I am an archaeological scientist with over 15 years of experience in both plant micro- and macro-remains. I have extensive professional experience as I have participated in projects in Africa, the Middle East, Europe, South-East Asia and North America, authoring over 130 professional reports and over 30 papers in peer-reviewed international journals and edited volumes, including papers in PNAS and Nature Genetics.
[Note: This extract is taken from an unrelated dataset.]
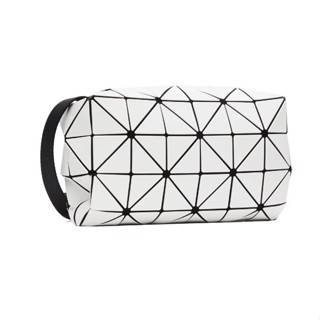 กระเป๋าสะพาย Crossbody BAO BAO ISSEY MIYAKE White Carton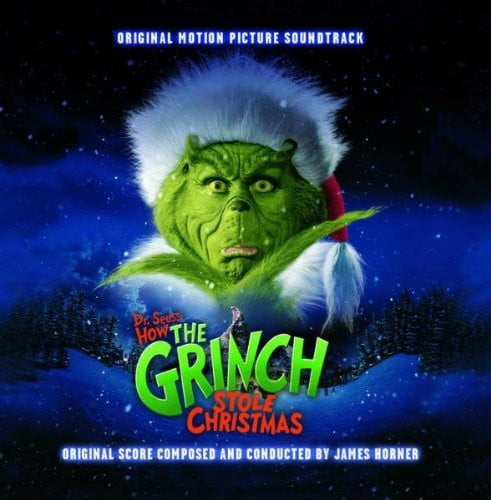 Various Artists - Dr. Seuss' How the Grinch Stole Christmas (Original Motion Picture Soundtrack) - Soundtracks - CD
Whilst working in the sector of environmental archaeology I developed a strong interest in the complex interactions between ancient people, their living conditions and their health outcomes.
Since 2009, when I started my PhD at the University of York (2009-2016), my research has focused on dental calculus as a means of reconstructing the diet and living conditions of past humans, having examined and published dental calculus microdebris data from numerous assemblages with a worldwide distribution, spanning hominins to Late Medieval humans.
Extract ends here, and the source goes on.